It would be difficult to postpone the approval of every new antihypertensive drug until it had been shown to reduce stroke rates, or not to allow a new statin lipid-lowering drug on the market until it had been shown to prevent myocardial infarctions. Such a requirement could delay the availability of potentially useful new therapies, as well as further increase their cost. As a consequence, new products may be approved on the basis of their effect on “surrogate outcomes,” such as blood pressure for antihypertensives, hemoglobin A1c level for drugs used to manage diabetes, serum LDL cholesterol level for statins, intraocular pressure for drugs used to treat glaucoma, or biomarkers of tumor growth for oncology therapies. While such a metric can be useful in making drug approval quicker and more efficient, its utility depends on the association between the surrogate marker and the clinical outcome of concern. These may correlate well, but not always. For example, the antiarrhythmics encainide and flecainide reduced the surrogate outcome of ventricular ectopy after myocardial infarction, but a larger study (the CAST trial) demonstrated that they actually increased mortality in such patients, despite their success in “treating” the surrogate marker. Similarly, rosiglitazone (Avandia®) was approved based on its capacity to reduce hemoglobin A1c levels in preapproval trials. However, once the drug was in widespread use, meta-analysis of those trials found that it increased the risk of myocardial infarction.


When feasible, placebos are the comparison treatment preferred by manufacturers and the FDA for premarket trials used to determine approval. Such comparisons provide the clearest contrasts and the most straightforward statistical analysis, and there is no possibility of confusion resulting from therapeutic or adverse events caused by an active agent used in the control group. Placebo controls also facilitate the approval of new products whose efficacy is similar to that of existing drugs; performing “equivalency” or “noninferiority” studies against active therapies requires larger numbers of patients and is more demanding statistically. If it is ethically or pragmatically impossible to conduct placebo-controlled trials (e.g., with a new AIDS drug or an antibiotic for a serious bacterial infection), then an active comparator is used.


However, while the “better than placebo” comparison may be sufficient for a manufacturer to meet the FDA’s legal requirements for drug approval, the data it yields often fall short of what the clinician, patient, or payor needs to know about a new drug’s safety or comparative effectiveness. A new drug may work better than placebo, but is it better than an existing treatment the physician may choose instead? Or is it even as good? The new drug may produce a serious adverse effect (e.g., rhabdomyolysis with a statin), but is the rate of occurrence of the effect higher or lower than that seen with older therapies? And even if it poses a higher risk of a given adverse effect, does the new drug also provide greater efficacy (in this case, prevention of ischemic cardiac events)? If so, the trade-off might possibly be acceptable; if not, it would not be. But if no such comparative data exist, the question cannot even be considered.

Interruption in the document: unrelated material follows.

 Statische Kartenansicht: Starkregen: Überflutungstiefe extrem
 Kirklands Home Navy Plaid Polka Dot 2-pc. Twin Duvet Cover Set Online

Duration and Post-Approval Studies


The duration of efficacy trials for certain new drugs can be as short as 8–16 weeks, if the comparator is placebo and surrogate endpoints are used to meet a legal definition of efficacy. However, such short-term trials may yield little useful information about benefits and risks that occur beyond this time frame. The FDA requires a minimum of 6 months of safety testing for a new drug that is designed for chronic use (where chronic is defined as any period longer than 6 months), although even this duration of safety testing may be too short for a chronically administered medication that may be taken for many years.


In approving a new drug for widespread use, the FDA may ask the manufacturer to conduct additional postmarketing studies (phase IV studies) to address questions that were not resolved by the evidence submitted prior to approval. Sometimes, useful new data about a drug’s benefits and risks are obtained in this way. But until 2007, the agency had little authority to oblige a drug’s sponsor to complete these studies, since its main regulatory power, once a drug had been approved, had been confined to the “nuclear option” of threatening to take it off the market—an action that was often not possible in the absence of additional data. Each year, the agency reports how well such “postmarketing commitments” are being met by manufacturers. A report by the Government Accountability Office noted that up to half of the “mandated” postmarketing safety studies requested by the agency had not been initiated, even years after the drugs had entered widespread use. Concern about these problems was intensified by public concern over several prominent drug safety problems, particularly rofecoxib (Vioxx®). The drug had been used widely for 5 years before it was withdrawn from the market following a study demonstrating that it nearly doubled the risk of myocardial infarction or stroke. A 2006 report by the Institute of Medicine recommended sweeping changes in the way the FDA addresses drug safety (see below).


   PHARMACOEPIDEMIOLOGY


Pharmacoepidemiology is the study of drug outcomes as documented in observations of clinical data from large populations of typical patients receiving routine care. To understand this approach, it is necessary to think about drug effects in ways that are different from those of conventional pharmacology (Table 53-1). This perspective considers the population as the experimental system being studied. Medications can be considered to be variables introduced into this system much as they might be studied in an individual patient, in tissue culture, or in an isolated single-cell preparation. The differences are that, in populations, true randomization does not occur, the intervening decision making and behavior of doctors and patients can alter the drug’s effect, outcomes are measured in terms of probabilities (or rates) of events, and the magnitude of drug experience in the analysis is much larger than that of conventional pharmacology, ranging to millions of patients and millions of person-years of exposure.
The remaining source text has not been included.